Made my first rip to La Belle France in 2001 just before 9/11 went back 3 weeks after the would be shoe bomber incident and have never stopped since. Paris? The grand entrance to an astounding world go out and see La Belle France in all her mysterious beauty!
You get it! Spread the word!
I wish I had the time to explore, your article certainly wets the appetite for France. Plus I like old stone buildings – great for drawing 🙂
Oh my goodness, I would NEVER have the patience to draw all those stones!
It’s quite meditative drawing stones – almost go into automatic pilot with tone and shape dictating.
Amen, sistah!! Having just moved to the Languedoc from Tucson, Arizona USA, I can hardly believe my great good fortune. I could explore this region every single day for the next 10 years and hardly scratch the surface. Salut, sweet, sweet France!
Bienvenue!
I’ll be out your way in September, insh’allah, visiting friends in Lodeve for one thing, and checking out Montpellier. Can’t wait to see the area! We’ve driven through it on another occasion, and loved it.
OH, yay! Make sure to go to Lodeve on market day!

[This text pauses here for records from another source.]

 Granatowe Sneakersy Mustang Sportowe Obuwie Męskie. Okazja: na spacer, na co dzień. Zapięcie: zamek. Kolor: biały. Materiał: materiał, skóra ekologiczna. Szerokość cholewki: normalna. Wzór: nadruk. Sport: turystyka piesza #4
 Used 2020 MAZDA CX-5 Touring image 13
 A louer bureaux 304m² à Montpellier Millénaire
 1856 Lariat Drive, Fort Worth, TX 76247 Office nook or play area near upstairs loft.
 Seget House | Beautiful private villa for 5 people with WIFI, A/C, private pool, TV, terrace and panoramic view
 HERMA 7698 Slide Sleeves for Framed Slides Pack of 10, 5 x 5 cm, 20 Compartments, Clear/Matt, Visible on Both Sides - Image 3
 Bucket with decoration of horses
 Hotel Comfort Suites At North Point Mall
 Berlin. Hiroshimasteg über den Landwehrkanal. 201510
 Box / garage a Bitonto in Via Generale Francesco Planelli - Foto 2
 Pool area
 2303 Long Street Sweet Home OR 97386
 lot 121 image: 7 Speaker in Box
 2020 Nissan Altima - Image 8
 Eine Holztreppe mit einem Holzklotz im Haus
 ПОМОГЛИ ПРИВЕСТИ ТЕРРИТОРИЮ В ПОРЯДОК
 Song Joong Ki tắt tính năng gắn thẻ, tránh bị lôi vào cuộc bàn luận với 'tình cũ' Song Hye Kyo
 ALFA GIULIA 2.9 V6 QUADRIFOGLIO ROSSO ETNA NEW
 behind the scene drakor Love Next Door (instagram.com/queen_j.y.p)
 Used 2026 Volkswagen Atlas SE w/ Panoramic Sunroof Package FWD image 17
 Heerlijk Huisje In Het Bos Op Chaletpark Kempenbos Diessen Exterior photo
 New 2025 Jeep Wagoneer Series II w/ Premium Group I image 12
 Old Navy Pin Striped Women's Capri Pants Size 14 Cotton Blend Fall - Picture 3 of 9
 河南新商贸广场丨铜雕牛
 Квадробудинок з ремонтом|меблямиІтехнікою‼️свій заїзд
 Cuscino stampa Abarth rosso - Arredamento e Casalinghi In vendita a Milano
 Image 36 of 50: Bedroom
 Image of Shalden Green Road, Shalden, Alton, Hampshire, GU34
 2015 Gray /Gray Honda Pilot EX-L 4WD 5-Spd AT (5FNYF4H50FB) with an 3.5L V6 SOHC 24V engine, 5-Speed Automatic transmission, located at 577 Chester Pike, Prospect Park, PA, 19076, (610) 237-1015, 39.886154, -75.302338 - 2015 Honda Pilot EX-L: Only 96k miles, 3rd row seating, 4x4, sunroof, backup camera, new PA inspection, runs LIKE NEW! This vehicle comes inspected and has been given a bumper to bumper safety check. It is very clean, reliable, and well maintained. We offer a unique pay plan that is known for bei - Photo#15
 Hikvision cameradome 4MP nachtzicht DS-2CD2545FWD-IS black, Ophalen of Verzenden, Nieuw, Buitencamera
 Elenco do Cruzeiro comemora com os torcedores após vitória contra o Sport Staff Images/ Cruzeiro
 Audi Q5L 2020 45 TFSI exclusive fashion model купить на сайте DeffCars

It was hard for me to see all the beauty because of the vast empty spaces without a single person visible! I just keep looking at the paths thinking, “No one to bump into! I wouldn’t have to ‘thread’ a crowd just to get a closer peek at something!”
My life was simpler when I didn’t know about all the things I was missing out on. My life was also in shades of black and white and gray and not a dollop of color. Do you ever find yourself wishing you hadn’t seen something so beautiful it makes your heart ache? I don’t know if that makes sense, but I think you get what I mean.
Yes, that makes sense. 100% sense. It happens all the time to me. It’s a weird, indescribable feeling, but it’s very real.
I love all of France, every last frakking inch of it. I’ve been to a few places no one has heard of, others that no one takes the time to visit, empty places that I love, if only because they are ancient and empty – allowing me to discover them, study them, be within them, on my own terms. Mon Dieu I love France, have I said that yet?
The great thing about travelling around France is that it’s always a voyage of discovery; especially if you get off the beaten path, avoid the tourist hot-spots and really sit down with the French and ‘casser la croûte’.
Pingback: Focus on France « Travel Notes – Travel Blog
Having lived both in Paris and near Montpellier, and visited Normandie and the Loire, among others — it’s like comparing apples and oranges! Many places off the beaten touristy track are indeed beautiful and unique!
Pingback: Scenes From France – Part Three: More Paris! « Jennifer's Journal
The excitement with which you write has me “page-turning” the entries of your blog! Thank you for the enchanting visuals!